DATA FOR ANALYSIS:
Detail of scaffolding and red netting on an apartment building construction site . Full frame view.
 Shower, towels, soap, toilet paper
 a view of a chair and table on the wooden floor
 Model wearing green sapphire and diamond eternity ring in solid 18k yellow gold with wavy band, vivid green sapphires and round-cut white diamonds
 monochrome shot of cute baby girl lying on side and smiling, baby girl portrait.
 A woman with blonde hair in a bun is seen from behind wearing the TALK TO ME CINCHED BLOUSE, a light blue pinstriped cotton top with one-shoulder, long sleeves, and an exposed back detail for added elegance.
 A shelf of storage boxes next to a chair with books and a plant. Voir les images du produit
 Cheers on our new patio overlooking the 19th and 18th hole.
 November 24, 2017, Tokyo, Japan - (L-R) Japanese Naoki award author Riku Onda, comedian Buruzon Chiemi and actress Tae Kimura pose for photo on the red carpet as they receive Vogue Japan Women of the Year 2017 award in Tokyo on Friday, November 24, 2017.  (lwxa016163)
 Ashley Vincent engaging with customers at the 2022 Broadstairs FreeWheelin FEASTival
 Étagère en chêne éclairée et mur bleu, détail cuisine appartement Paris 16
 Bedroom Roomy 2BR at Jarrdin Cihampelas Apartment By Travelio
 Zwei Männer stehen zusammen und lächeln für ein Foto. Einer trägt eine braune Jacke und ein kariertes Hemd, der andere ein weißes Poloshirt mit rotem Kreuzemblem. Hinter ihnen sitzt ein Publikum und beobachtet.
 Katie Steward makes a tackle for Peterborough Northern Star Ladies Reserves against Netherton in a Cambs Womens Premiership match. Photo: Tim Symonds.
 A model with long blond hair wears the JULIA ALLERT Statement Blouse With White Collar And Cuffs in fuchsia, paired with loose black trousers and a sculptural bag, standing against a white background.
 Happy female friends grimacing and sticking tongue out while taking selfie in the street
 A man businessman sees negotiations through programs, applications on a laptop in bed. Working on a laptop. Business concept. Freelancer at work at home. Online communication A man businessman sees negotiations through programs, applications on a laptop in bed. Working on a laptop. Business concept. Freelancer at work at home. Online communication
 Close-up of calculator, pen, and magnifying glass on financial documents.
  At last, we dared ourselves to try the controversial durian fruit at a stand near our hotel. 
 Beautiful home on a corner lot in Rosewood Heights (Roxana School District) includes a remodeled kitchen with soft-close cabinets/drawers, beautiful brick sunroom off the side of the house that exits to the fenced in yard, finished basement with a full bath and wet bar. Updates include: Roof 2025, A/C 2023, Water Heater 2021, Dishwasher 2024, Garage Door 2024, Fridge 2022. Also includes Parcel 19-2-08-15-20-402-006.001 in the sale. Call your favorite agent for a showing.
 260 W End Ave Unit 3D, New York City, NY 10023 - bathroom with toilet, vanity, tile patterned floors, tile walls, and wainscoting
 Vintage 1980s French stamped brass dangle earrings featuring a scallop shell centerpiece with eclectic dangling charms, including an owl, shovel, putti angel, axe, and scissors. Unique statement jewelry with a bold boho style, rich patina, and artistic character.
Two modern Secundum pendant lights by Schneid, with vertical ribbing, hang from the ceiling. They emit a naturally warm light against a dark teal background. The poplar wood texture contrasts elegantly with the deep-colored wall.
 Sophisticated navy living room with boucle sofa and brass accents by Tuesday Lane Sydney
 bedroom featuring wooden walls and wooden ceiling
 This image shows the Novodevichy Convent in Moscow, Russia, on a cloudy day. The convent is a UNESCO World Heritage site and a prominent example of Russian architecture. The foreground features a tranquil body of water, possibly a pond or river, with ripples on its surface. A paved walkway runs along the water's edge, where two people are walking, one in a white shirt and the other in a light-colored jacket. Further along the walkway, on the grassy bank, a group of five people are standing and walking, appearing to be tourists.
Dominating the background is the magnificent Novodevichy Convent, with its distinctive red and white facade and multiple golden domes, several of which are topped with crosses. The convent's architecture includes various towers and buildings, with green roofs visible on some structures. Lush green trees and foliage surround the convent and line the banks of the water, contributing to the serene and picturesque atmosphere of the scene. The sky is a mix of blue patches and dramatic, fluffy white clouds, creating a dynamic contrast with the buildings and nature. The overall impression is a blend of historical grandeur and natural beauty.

EXERCISE:
From the top of the listing above, restate each line word for word up to and including the line with "Katie Steward makes"; add nothing else.

RESPONSE AREA:
Detail of scaffolding and red netting on an apartment building construction site . Full frame view.
 Shower, towels, soap, toilet paper
 a view of a chair and table on the wooden floor
 Model wearing green sapphire and diamond eternity ring in solid 18k yellow gold with wavy band, vivid green sapphires and round-cut white diamonds
 monochrome shot of cute baby girl lying on side and smiling, baby girl portrait.
 A woman with blonde hair in a bun is seen from behind wearing the TALK TO ME CINCHED BLOUSE, a light blue pinstriped cotton top with one-shoulder, long sleeves, and an exposed back detail for added elegance.
 A shelf of storage boxes next to a chair with books and a plant. Voir les images du produit
 Cheers on our new patio overlooking the 19th and 18th hole.
 November 24, 2017, Tokyo, Japan - (L-R) Japanese Naoki award author Riku Onda, comedian Buruzon Chiemi and actress Tae Kimura pose for photo on the red carpet as they receive Vogue Japan Women of the Year 2017 award in Tokyo on Friday, November 24, 2017.  (lwxa016163)
 Ashley Vincent engaging with customers at the 2022 Broadstairs FreeWheelin FEASTival
 Étagère en chêne éclairée et mur bleu, détail cuisine appartement Paris 16
 Bedroom Roomy 2BR at Jarrdin Cihampelas Apartment By Travelio
 Zwei Männer stehen zusammen und lächeln für ein Foto. Einer trägt eine braune Jacke und ein kariertes Hemd, der andere ein weißes Poloshirt mit rotem Kreuzemblem. Hinter ihnen sitzt ein Publikum und beobachtet.
 Katie Steward makes a tackle for Peterborough Northern Star Ladies Reserves against Netherton in a Cambs Womens Premiership match. Photo: Tim Symonds.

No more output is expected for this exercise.